Distinguished from self-published literature[edit]

Some journals encourage researchers to accompany primary research articles with a large volume of "supplementary data". This data is not part of the main research paper, but is downloaded from the publisher's Web site separately. In some cases, especially among the most highly competitive journals, this supplementary data may originally have been submitted as part of the paper, but needed to be cut out to bring the article down to a certain size. In others, it may simply be extra information offered by the researchers, or link to a research Web site that may or may not continue to change over time. Therefore, it may not be obvious whether or not the supplemental data has actually undergone peer review, though the general qualification of the authors is not at issue. Editors should consider the advice of WP:SPS: "if the information in question is really worth reporting, someone else is likely to have done so." In this case, if the supplemental data is as important as you believe, it probably should be described somewhere in the parent article.

Self-published research also includes public announcements at scientific meetings or on research Web sites.

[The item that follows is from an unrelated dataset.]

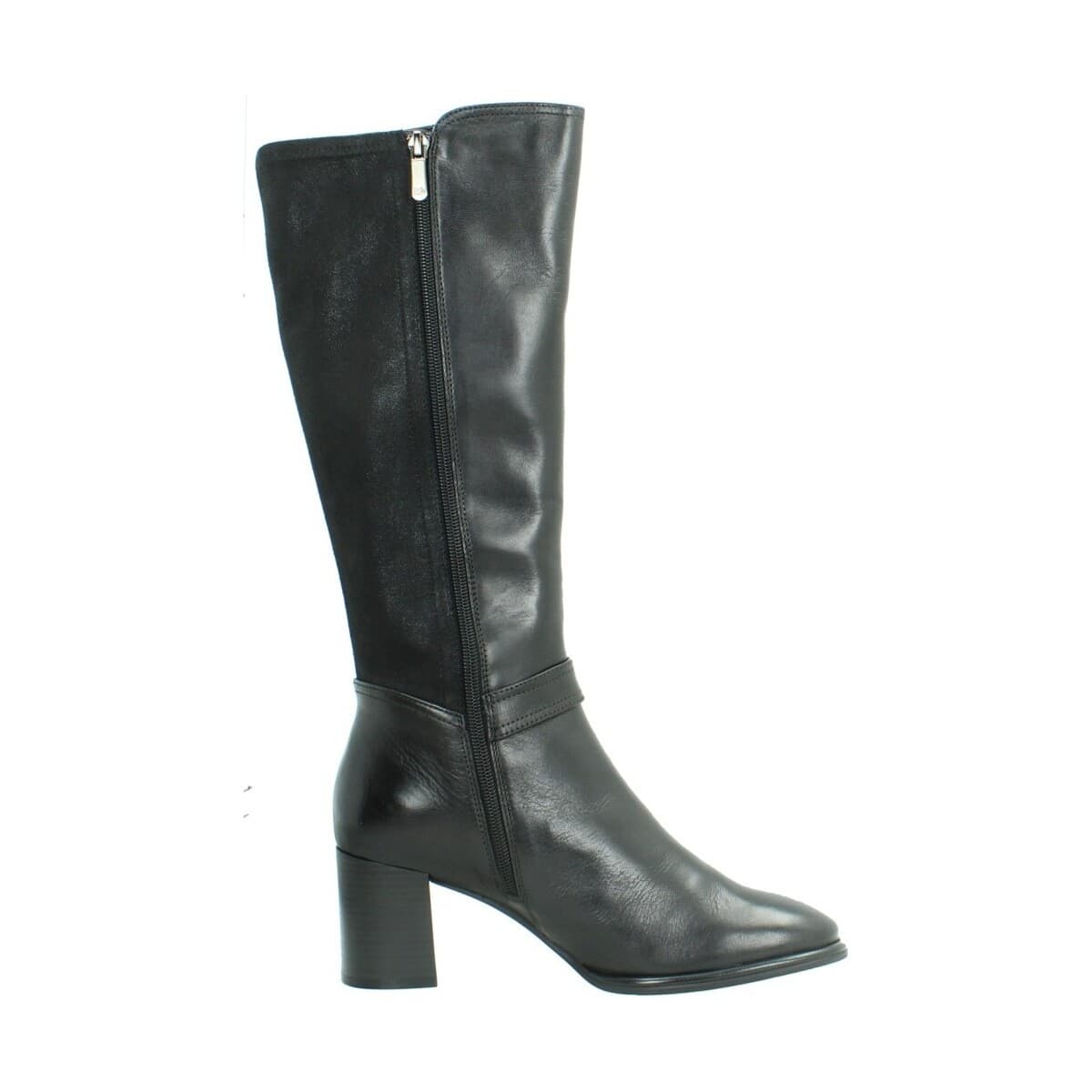 Women's Boots Regarde Le Ciel Black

In this case it may be useful to cite a media report to make the importance of the announcement clear to other editors.

Finding the primary publication from a news article[edit]

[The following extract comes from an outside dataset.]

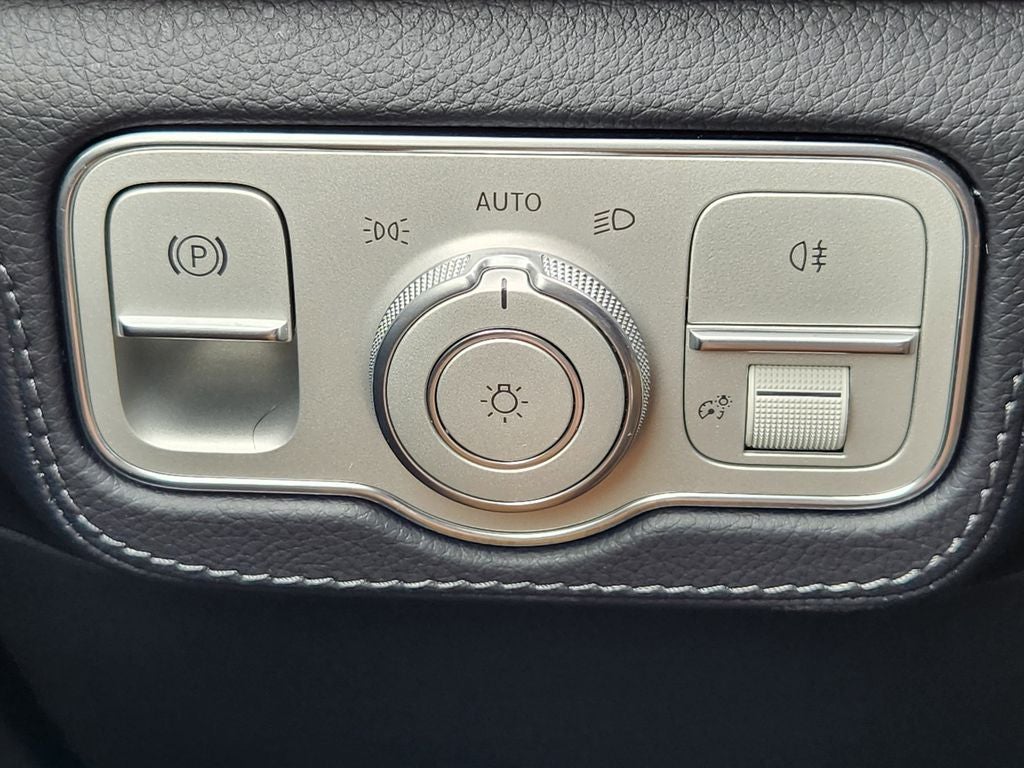 2025 Mercedes-Benz GLE Coupe AMG® GLE 53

A very common reason to look for primary literature for Wikipedia is that a breakthrough result has just been reported in the news, and you need more information. Unfortunately, newspapers sometimes print only the name of the university at which research was done, making it difficult to find the original reference. To find the primary article:

  • Track backward from the news article you encounter to earlier versions. Typically the first publication of a news article is the best, and subsequent versions are truncated or rewritten with less information. One way to do this is to use Yahoo News to find all news articles that use a name or a distinct quoted phrase. Sort these articles by date rather than relevance, and choose the last page of search results. The oldest articles in this list should at least mention the name of the newspaper that first broke the news story. Ideally, you will find the names of one or more of the authors of the scientific study or the journal in which it was published.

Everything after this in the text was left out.